Я сделала несколько медленных вдохов, чтобы не расклеиться и не впасть в истерику. Выход найдется. Я не одна.
— Нико, ты можешь включить фонарик на комме?
— Могу, — ответил Нико, и через секунду в моих руках загорелся тусклый свет.
Первым делом я посветила на свою правую руку. Кровь уже залила ее до локтя и останавливаться не собиралась — порезалась я будь здоров. Я прислушалась к ощущениям в остальном теле. Локоть пульсировал и, казалось, увеличивался в размере. Каждый вдох отдавался болью в ребрах.

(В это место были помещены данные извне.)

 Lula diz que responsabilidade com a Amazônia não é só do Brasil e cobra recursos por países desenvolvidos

Я стянула футболку, обмотала ею кисть и попыталась встать. Со второй попытки у меня получилось.
Я почти с нежностью вспомнила, как Теодор и Марко поднимали меня после падения с их лестницы — теперь-то рассчитывать я могла лишь на себя.
Держа правую руку навесу и стараясь не шевелить ею без лишней необходимости, я первым делом подняла взгляд на лестницу и на секунду даже забыла о боли во всем теле. Это ж с какой высоты я свалилась?! Ступеньки теперь начинались метрах в четырех или пяти от пола — свет едва доставал. Я почувствовала, как снова надвигается паника. Даже если Ди придет меня искать, как обещал, вытащить меня вряд ли получится. Я умру в этом чертовом подвале!

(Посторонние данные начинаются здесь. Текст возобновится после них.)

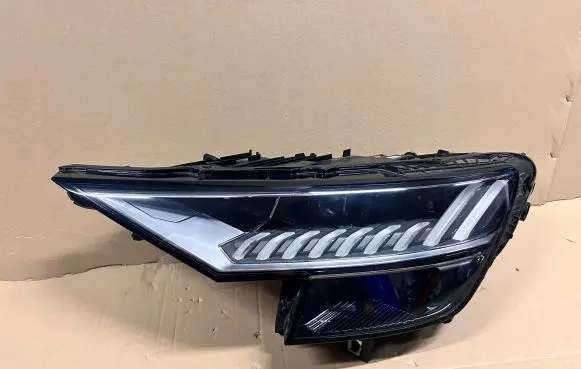 Audi Q8 Headlight/headlamp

Спокойно, одернула я себя. Это не подвал. Это тоннель. У тоннеля всегда есть как минимум два выхода.
Успокоиться не получалось. От холода меня уже начал бить озноб, температура в этом подземелье была градусов пятнадцать, в рубашке — даже с длинным рукавом — я замерзала. Надо было двигаться. Через боль, через страх, через панику — я должна идти.
Это ради Коди, сказала я себе и поднялась.
Теперь я видела все, о чем говорил Нико: уходящий в темноту монорельс, транспортную платформу, развалившийся контейнер и раскатившиеся из него баллоны. Большая часть их взорвалась, но некоторые были еще целые и даже могли похвастаться черными надписями на оранжевом фоне: вверху — «FX-116» и ниже — «Т+».